Relations have been strained, however, by friction on the energy front, with Belarus charging far lower oil export duties than Russia which make it profitable to export products refined in Belarus from Russian crude.
"We still cannot reach an agreement (with Belarus) on joint standards to be applied to custom duties," Putin said in a televised question-and-answer session.
"We are really worried by some export and import issues when we look at the volume of our crude oil supplied to Belarussian oil refineries, the republic's actual consumption, and then at the volume of oil products that are sold abroad (from Belarus)."
Putin said Russia was now seeking to "establish a normal dialogue with our Belarussian colleagues."
But he added: "If we fail to reach an agreement, we will be forced to impose some limitations which we would not want to do." He did not elaborate.
Russia has urged Belarus to adjust export duties for crude and oil products in the past, but analysts regard Putin's remarks as another sign of Moscow putting political pressure on Minsk, following its threat to raise gas prices in 2007.
"It is no doubt one of the elements of pressure on [Belarussian president Alexander] Lukashenko to make him agree with Russia's conditions of integration, possibly to convince Belarus to become a non-sovereign part of Russia," said Leonid Zaiko, head of the Belarussian think-tank Strategy.
In the first half of 2006, Belarus imposed an export duty for light and middle distillates and gas oil of $57 per tonne, compared with $150 per tonne in Russia.
The export duty for fuel oil in Belarus was $37.5 per tonne against $79.2 per tonne in Russia.
Two Belarus' refineries, Mozyr and Naftan, had recently cut throughput after Russian crude pipeline monopoly Transneft cut its crude supplies to Belarus by 30 percent citing an oil leak.
The Mozyr refinery, 42.5-percent share of which belongs to Russian oil firm Slavneft, cut refining by 19 percent to 25,000 tonnes (183,000 barrels).
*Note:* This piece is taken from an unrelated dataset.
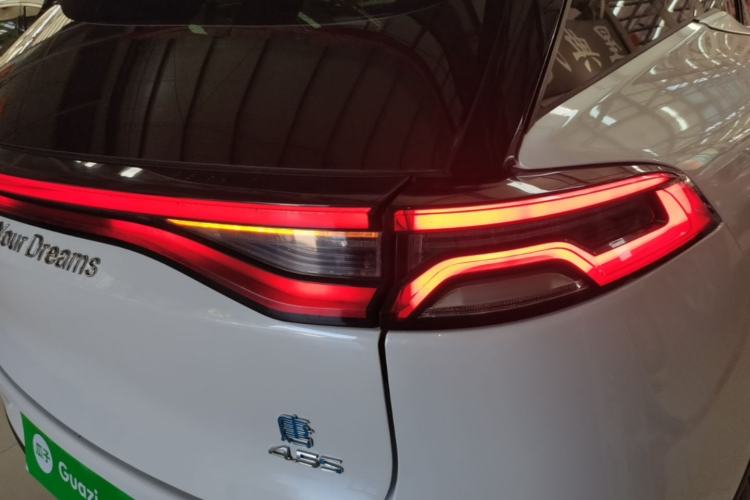 Used BYD Tang New Energy 2018 DM 2.0T All-Wheel Drive Smart Connect Advanced Model 7 Seats China V Emission Standard Right Rear Taillight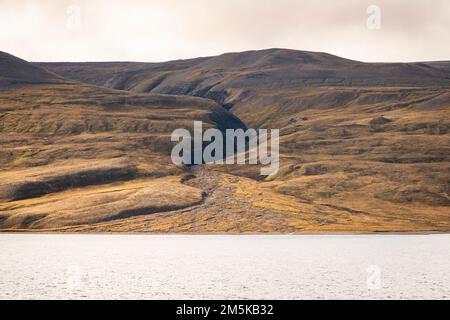 Ufer des Admiralty Inlet am westlichen Ende der Baffin Island in der östlichen Arktis Kanadas. Stockfoto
Naftan has stopped one of its crude distillation units.
Experts estimate Belarus' profits from exports of crude products made of Russian crude at $3.7 billion in the first six months of this year.
"If the schemes of shipping crude via Belarus are liquidated, it will have very negative consequences for Belarus. It will soon be clear that our 'economical miracle' was mainly based on the sale of oil products," said Zaiko.